Cytokine-receptor engagement transmits signal to tyrosine phosphorylate and activate receptor associated JAKs, which subsequently phosphorylate and activate STATs. Tyrosine phosphorylated STATs (pSTATs) form dimers, translocate to the nucleus, bind to target DNA sequences, and regulate gene expression (pSTAT canonical pathways). Unphosphorylated STATs also form dimers, enter the nucleus and regulate transcription (uSTAT non-canonical pathways). Multiple inducible negative feedback systems are in place to constrain the signaling circuit that include SOCS (suppressor of cytokine signaling) family proteins, PIAS (protein inhibitor of activated STAT) family proteins, PTP (protein tyrosine phosphatase), USP18 and ISG15. Human monogenic mutations that lead to gain-of-function and/or loss-of-function phenotypes are color coded as immunodeficiency (blue), inflammation (pink) or tumor (orange) for each constituent gene. Genes whose null mutation in mice leads to lethality is marked with red dotted border (Mouse Genome Informatics; http://www.informatics.jax.org). Tissue expression pattern of each protein is also marked as broad expression (square border) or tissue restricted (oval border) (The human protein atlas; https://www.proteinatlas.org/search).

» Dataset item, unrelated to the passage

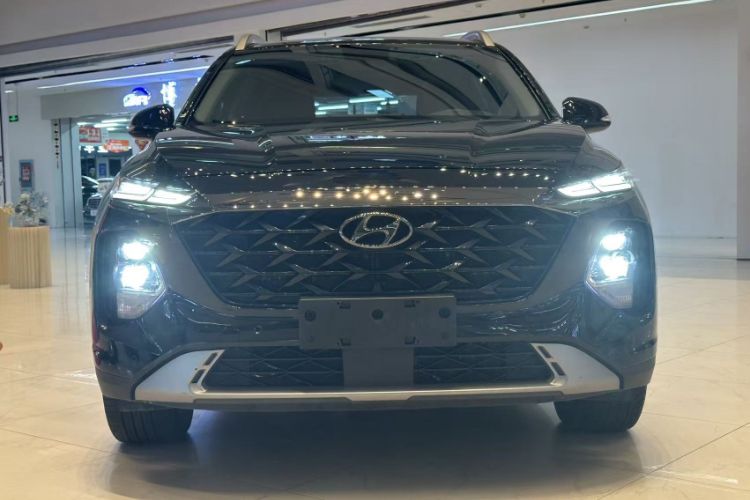 Used Hyundai Santa Fe 2023 Traveler 380T GDi Automatic All-Wheel Drive GLX HTRAC Elite Edition Exterior 5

Figure 3.. Structure of Janus kinases.

Structure of activated Janus Kinase dimer (green; PDB 7T6F) complexed with the intracellular domain of matured IFNlR1/IL-10Rb (purple) bound to IFN-l (orange) (PDB 5T5W). Of note, the intracellular portion of the receptor binds JAK1 FERM and SH2 domains through N-terminal Box1 and C-terminal Box2 motifs. The JAK kinase-like or pseudokinase domain promotes dimerization of the cytokine receptor/JAK complex.

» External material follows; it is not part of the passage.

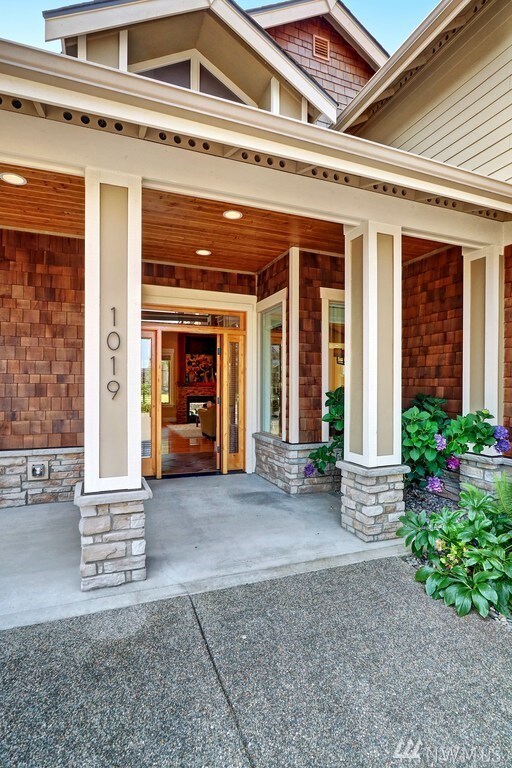 1019 10th St, Mukilteo, WA 98275 - photo 3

Figure 4.. STAT domains and structure.

STAT proteins contain the following domains: N-terminal domain (ND), coiled-coil domain (CCD), DNA-binding domain (DBD), linker domain (LK), Src Homology 2 domain (SH2), and transactivation domain (AD) (upper panel). Key phosphorylated tyrosine and serine amino acids reside within the AD for STAT dimerization and functional modulation. Below are the structures of STAT1 dimers, specifically, in its unphosphorylated anti-parallel conformation (PDB 1YVL) and phosphorylated parallel conformation bound to DNA (PDB 1BF5). Notably, the antiparallel confirmation prevents the DBD from interacting with DNA through reciprocal interaction with the opposing dimer’s CCD. Like STAT1, parallel structures of homodimers bound to DNA have been shown for STAT3 (PDB 1BG1) and STAT6 (PBD 4Y5W) and anti-parallel confirmation of STAT dimers have been described for STAT3 (PDB 6TLC) and STAT5a (PDB 1Y1U).

Figure 5.. Conformational changes of STAT1 and STAT2 complexes.

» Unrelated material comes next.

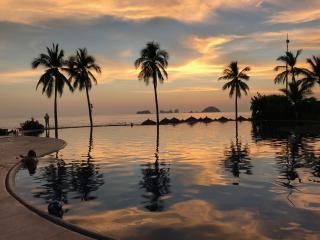 Great Beachfront Amara Condo Ixtapa - 3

See Figure 4 for definitions of the STAT structural domains. Structural insights indicate that the STAT1 homodimer and the STAT1:STAT2 heterodimer each adapt two conformations, termed parallel and antiparallel. The parallel dimers are stabilized by interactions between the SH2 domains and the phosphorylated tyrosine residues, whereas the antiparallel dimers are stabilized by ND interactions. In addition to the tyrosine phosphorylations, two newly discovered phosphorylations of T387 and T404 of STAT2 regulate U-STAT1:U-STAT2 heterodimer stability. See the text for details.

Figure 6.. STAT and chromatin organization.

STATs bind to DNA at epigenetically marked promoters and enhancers of target genes to regulate transcription. Distinct histone epigenetic marks are observed at promoters (H3K4 trimethylation), enhancers (H3K27 acetylation) and pol II transcribed region (H3K36 trimethylation). As an example, the Ifng locus is depicted, which is regulated by a super enhancer composed by multiple tandem enhancer elements occupied by and enriched for STAT, T-bet, as well as p300, in response to cytokine stimulation. Confocal microscopy (upper left corner) documents signal dependent aggregation of STAT transcriptional nuclear condensates (Zamudio et al., 2019). Super enhancers, transcriptional condensates, and topologically associating domains (TADs) may all converge into a functional unit establishing a physical platform to regulate dynamic transcription of target genes.